Квартиру она сняла в Старом городе, на углу Бетлемской и Асатиани — двухэтажный домик с резным балконом, выходящим во внутренний двор, заросший виноградом. Над крышами — крепость Нарикала. Снизу — узкие улочки, где машины не помещаются, где соседи кричат через окно «гамарджоба!» и передают друг другу хачапури через бельевую веревку.
Я влюбилась в этот город за один вечер.
А в Дато — за три.
Его привела тетя Манана. «Местный, проверенный, сын моего соседа, ему можно». Высокий, худой, с тяжелой челюстью и темными кудрями, которые никак не хотели лежать. Лет двадцать восемь. Молчаливый, как все горцы. Когда он пожимал мне руку, я отметила: горячая. Очень. Как будто у человека лихорадка, но он этого не замечает.
— Дато, — сказал он.
— Просто Дато?
— Давид. Но никто меня так не зовет.
— Почему?
Он посмотрел на меня внимательно. Очень. Как смотрят, когда оценивают, выдержит ли человек правду.
— Длинная история, — сказал он. — Не сейчас.
Первые дни были обычные. Он возил меня — на старенькой синей «Ниве» — куда я просила. На Мтацминду, посмотреть на город сверху. В серные бани Абанотубани, где я мокла два часа, пока он ждал в чайхане напротив, попивая черный чай без сахара. На блошиный рынок Сухой мост. В пекарню на Мейдане, где хлеб тонэ — горячий, как камень, только что из глиняной печи.
Он почти не говорил. Слушал.
Но однажды, на четвертый день, я поймала его на том, как он смотрел на собаку.
Мы шли по Шардени. Вечер. Огни кафе, цыганка с гитарой у фонтана, запах хинкали из открытых дверей. Из переулка вышел крупный пес — приблудный, грязный, с порванным ухом. И вместо того чтобы зарычать или пройти мимо, он остановился. Поднял морду. И посмотрел на Дато с таким выражением, какое бывает у солдата, увидевшего офицера.

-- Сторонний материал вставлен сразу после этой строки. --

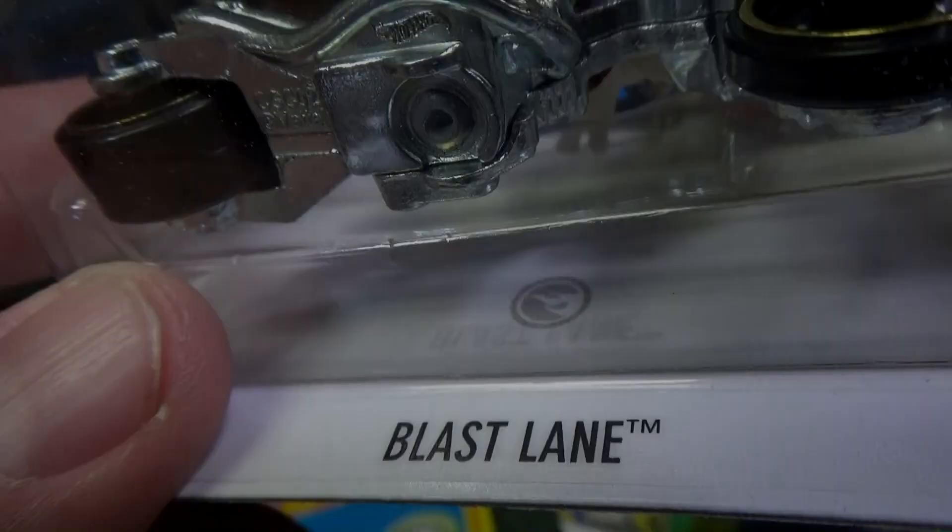I mentioned that old 1981 set — very collectible. You ain't going to get any of those cheap nowadays. Thank you for watching. Bye-bye.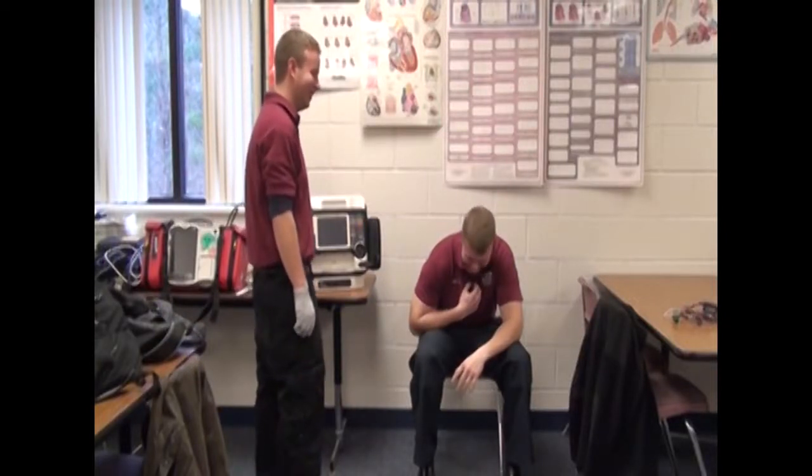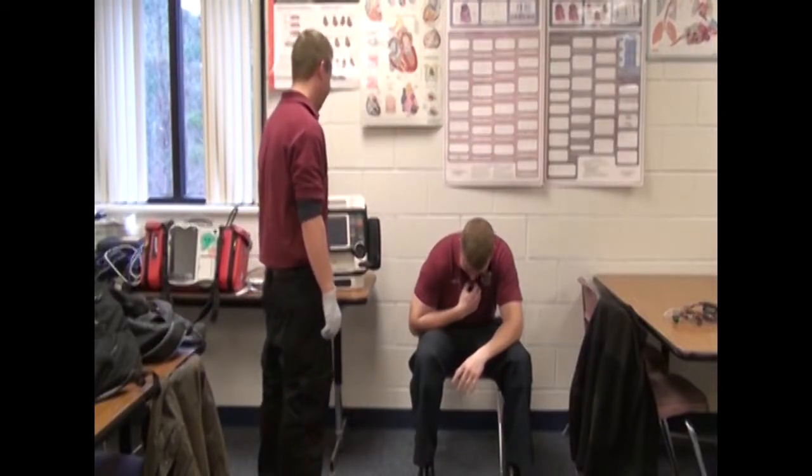Zach does his appropriate assessment. He talks to Josh just to tell him that he's going to put the 3-lead on him. You can go over there and talk to him a little bit.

Дато едва заметно качнул головой.
Пес лег. Прямо посреди улицы. Лег и положил морду на лапы.
— Что это сейчас было? — спросила я.
— Что?
— Собака.
— Хорошая собака. Старая.
— Дато.
Он не ответил. Только зашагал быстрее.
В ту ночь я не могла уснуть. Лежала в съемной квартире, слушала, как за окном поют какие-то подвыпившие туристы, и думала о собаке. О том, как Дато ест — почти сырое мясо, с кровью, и как-то странно держит вилку, будто непривычно. О том, как он ходит — мягко, с пятки, перекатываясь, как охотник. О его глазах — карих, обычных, но иногда, в сумерках, мелькает в них что-то желтое, на дне.
Я встала. Накинула халат. Вышла во двор.
Полнолуние.
Он стоял у виноградной лозы. Спиной ко мне. Без рубашки. И на спине у него — между лопаток — я увидела при свете луны старый шрам. Длинный, рваный, в форме полумесяца. Не от ножа. От зубов.
— Дато.
Он вздрогнул. Обернулся.
И я поняла: я была права.
Его глаза светились. Не отражали свет — а светились сами, изнутри. Желтым.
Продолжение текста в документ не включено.